WVU Buzzer Beater Motivates Bearcats Through Season
WVillustrated.com Photo by David Miller
Da'Sean Butler's buzzer beater in the Big East tournament served to motivate the Bearcats through the offseason.
By Geoff Coyle for wvillustrated.com
Jan. 28, 2011
CINCINNATI, Ohio – The last time West Virginia visited Fifth Third Arena at Shoemaker Center, all eyes were on the return of Bob Huggins. An early sell out of over 13,000 tickets indicates that the second homecoming is again of great interest, but for the home team welcoming its all-time winningest coach, the importance of this one is not as much about Huggins as it is about his team.
Many of the athletes suiting up for head coach Mick Cronin’s Cincinnati Bearcats only know of Huggins what they’ve learned from stories, never real experiences. What they did experience, though, was the game they played against the Mountaineers at Madison Square Garden, and they remember how much it stung to watch WVU celebrate a Da’Sean Butler buzzer beater.

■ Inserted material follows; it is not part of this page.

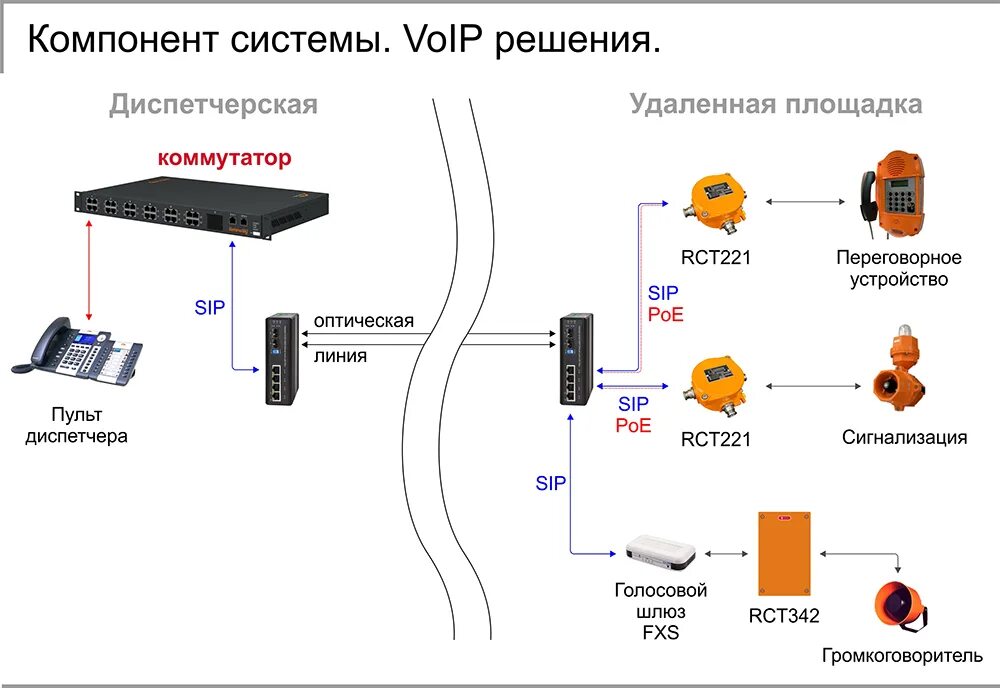 Система элементом которой является данная система. Компонент системы это. IP переговорное устройство. Система видеонабл схема. Переговорное устройство схема.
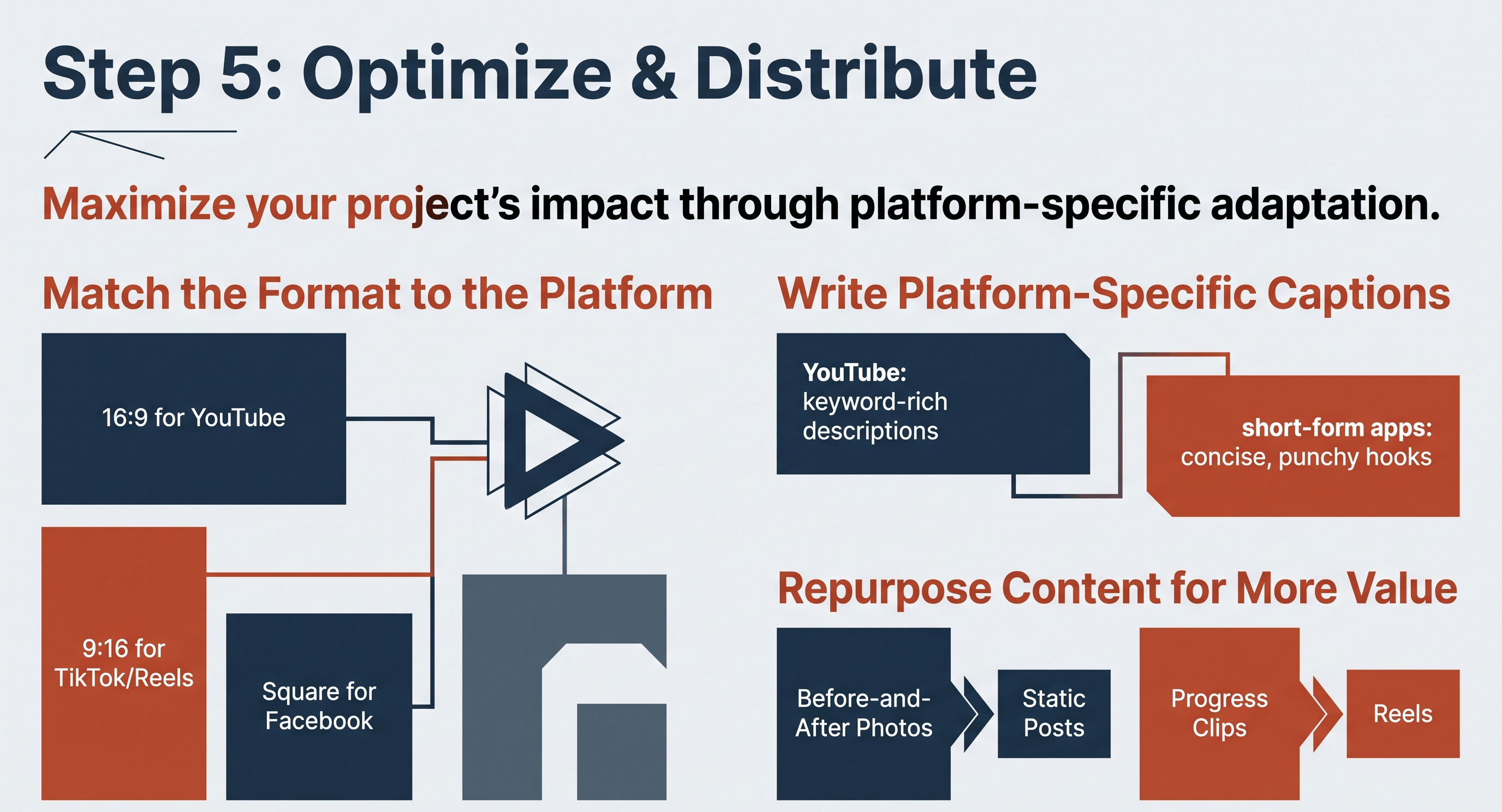 Content repurposing and Optimization Strategy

“I think that game has motivated us all year, to be honest with you,” Cronin said Thursday. “I don’t think it was the fact that it was West Virginia, it was just the fact of how we lost the game more so than the fact that it was them, to be really honest about it.
“But it was them, so hey, that sharpens our guys’ focus for Saturday. As coaches, we use all we can get.”
A game that began a memorable postseason run for the Mountaineers simultaneously ended any hope the Bearcats had at competing in the NCAA Tournament. To have lost it the way they did – a Dion Dixon turnover in the final seconds immediately followed by Butler’s bank shot – had to have broken their spirits.
In the coming months, Cronin worked to build them back up.
“We had meetings at the end of the season and I like to meet with guys as a group more so than individually,” he says. “You’ve got to look in the mirror and ask yourself what you’re going to do every year. What are you going to do to chase your dream?”
Cronin, the former Huggins assistant, says his team proved it would do what it took to chase that dream and the chance to get back in a position to win a Big East quarterfinal game. At 18-3 and slipping in and out of the top 25 from week to week, the education gained in such a defeat has proven beneficial to this team’s success.
“We learned how to compete and not panic last year at the Big East tournament – just keep playing hard and keep playing defense,” Cronin says. “Big East basketball is a whole different animal. There are not blowouts. Blowouts are really apparitions in our league. You’ve just got to keep battling, keep playing.”
WVI Photo/David Miller
Cincinnati Head Coach Mick Cronin
One player especially who had to learn to keep battling was Dixon. The 6-foot-3 guard watched from the bench on that final play after his turnover and upon seeing Butler connect and get mobbed by his teammates right in front of the Bearcats, he collapsed to the court.
In the months leading up to his junior season, he has picked himself up, so much so that he now leads the team with 12.1 points per game, up from 4.9 a year ago.
“When times get tough, there’s two kinds of people,” says Cronin. “You dig in and work harder and get what you want out of your situation, out of your life in general [and] there’s others that make excuses and quit and go home. I give him all the credit. He’s dug in and made himself a better player.”
The game Saturday night is a chance for redemption and in this one, there is no Butler to contend with. In fact, to this point there is no go-to player on the WVU team at all when it comes to making plays and key shots.
When asked if he expected WVU leading scorer Casey Mitchell to return from his suspension in time for the coming game, Cronin replied with a simple “Yes.”
Huggins had a different assessment on Friday.
“I probably know more about Casey’s status than Mick does, I would guess,” he said. “He’s not on the trip. He’s not playing.”
What Cronin does know, however, the potential matchup problems guys like Kevin Jones and John Flowers can present his forwards and the improving defense he sees from the team as a whole. He also recognizes the deficiencies that have led to a 13-6 record.
“In true Coach Huggins fashion, they’re not making shots, as he likes to say,” Cronin says with a smile.
He should be smiling. The chance to right what he feels went wrong in March is here and the opponent isn’t making shots. Not even of the banked-in 3-pointer variety. Cronin, Dixon and the rest of the Bearcats will find out just how far they have come when Huggins and the Mountaineers step in the arena Saturday night.